Veel aandacht kreeg het arrest van de 5de kamer van het Hof van Justitie van 28 november 2024 in Vlaanderen niet. Met dat arrest trok het Hof, tot ontzetting van velen in Duitsland, een streep door de rekening van de exploitanten van Kundenanlagen. Ik schreef eerder al dat ook het Vlaamse systeem van (toegelaten) privédistributienetten op gespannen voet staat met de richtlijnen die de lidstaten zelf hebben aangenomen. Het Hof maakt nogmaals duidelijk dat de keuze van de Europese wetgever slechts een heel beperkt aantal uitzonderingen toestaat. Privédistributienetten (ook niet onder de vlag van “energy as a service”) vallen daar niet onder.

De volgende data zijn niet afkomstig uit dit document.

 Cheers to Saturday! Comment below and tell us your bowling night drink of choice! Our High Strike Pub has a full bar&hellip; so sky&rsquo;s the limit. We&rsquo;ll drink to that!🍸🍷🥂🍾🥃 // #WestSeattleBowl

Een Kundenanlage is volgens het Energiewirtschaftsgesetz (EnWG) een energie-installatie (i) die dient voor de levering van energie, (i) die zich op een ruimtelijk aaneensluitend gebied bevindt (al dan niet verbonden met een directe lijn), gekoppeld is aan een openbaar energienet of aan een productie-installatie, (iii) geen invloed heeft op de mededinging op de leveringsmarkt en (iv) waarop alle aangesloten gebruikers vrij hun leveranciers kunnen kiezen. Kundenanlagen zijn vrijgesteld van verbruiksgerelateerde netwerktarieven en van een aantal Duitse belastingen en heffingen. De (publieke) netbeheerder waarop de Kundenanlage aangesloten is moet een meetinstallatie plaatsen voor het globale verbruik van de Kundenanlage en voor alle meetpunten die noodzakelijk zijn voor het verlenen van toegang tot het leveringssysteem voor individuele meters binnen de afnemerinstallatie (voor de boekhouding relevante individuele meters)”. Als er derde leveranciers zijn moeten die de individuele meterstanden ontvangen.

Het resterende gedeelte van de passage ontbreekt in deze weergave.